Ik heb al mijn moed verzameld, windjack aangetrokken en rits de tent open. Het is vroeg, de wekker van 06.15 moet nog afgaan, maar de kou is overal gaan zitten. Ook in mijn blaas. Het is niet ver naar de ‘wc’, slechts een check op hyena’s en dan van vier stappen van onze tent naar het gat boven de grond. Toch blijf ik direct naast het flapperende tentzeil staan. Als betoverd kijk ik om me heen. De zon piept links van me net achter een bergrug vandaan en hult de kraterrand waar ik op sta in een oranje gloed.

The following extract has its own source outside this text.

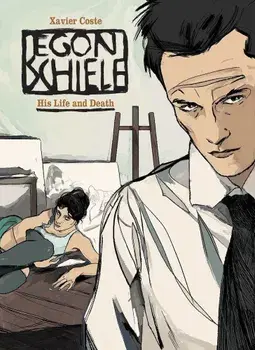 Egon Schiele: His Life and Death, Hardcover/Xavier Coste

Het meer op de bodem is donker en glad als een spiegel. Ik knijp mijn ogen samen en ontdek witte vlekjes in het wateroppervlak. Flamingo’s.

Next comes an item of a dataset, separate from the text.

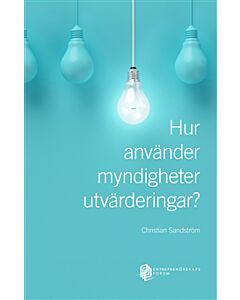 Hur använder myndigheter utvärderingar? En studie av årsredovisningar från Vinnova, Energimyndigheten och Tillväxtverket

We hebben vannacht op de rand van de Empakaikrater geslapen – eigenlijk is het een caldera, een ingestorte vulkaan, vertelt onze gids Alex later – in het noorden van de Ngorongoro Game Reserve. Om hier te komen stuiterden we gisteren meer dan een uur in een jeep over de kraterrand van de bekende Ngorongoro, doorkruisten daarna een groen plateau met masaihutten en vee dat gemoedelijk tussen zebra’s graasde. De laatste etappe was het volgen van twee rijgroeven omringd door dikke begroeiing, net zolang tot we aan het einde van de middag de flank van Empakai bereikt hadden. Sinds we de afslag namen bij een populair uitkijkpunt over de Ngorogorokrater zijn we geen enkele toerist of zelfs maar een ander voertuig tegengekomen. Vannacht waren we dan ook de enige bezoekers aan Empakai en dat zal zo blijven tot we te voet onze eindbestemming bereiken aan de voet van de Oldoynio Lengaivulkaan. Geen lodges, geen permanente campsites, geen overdaad aan safarivoertuigen. Alleen wij, onze gids en twee helpers die ons voorzien van een tent en eten. Een groot verschil met de Ngorogorokrater waar ik bij mijn laatste bezoek het gevoel had in een dierentuin te zijn.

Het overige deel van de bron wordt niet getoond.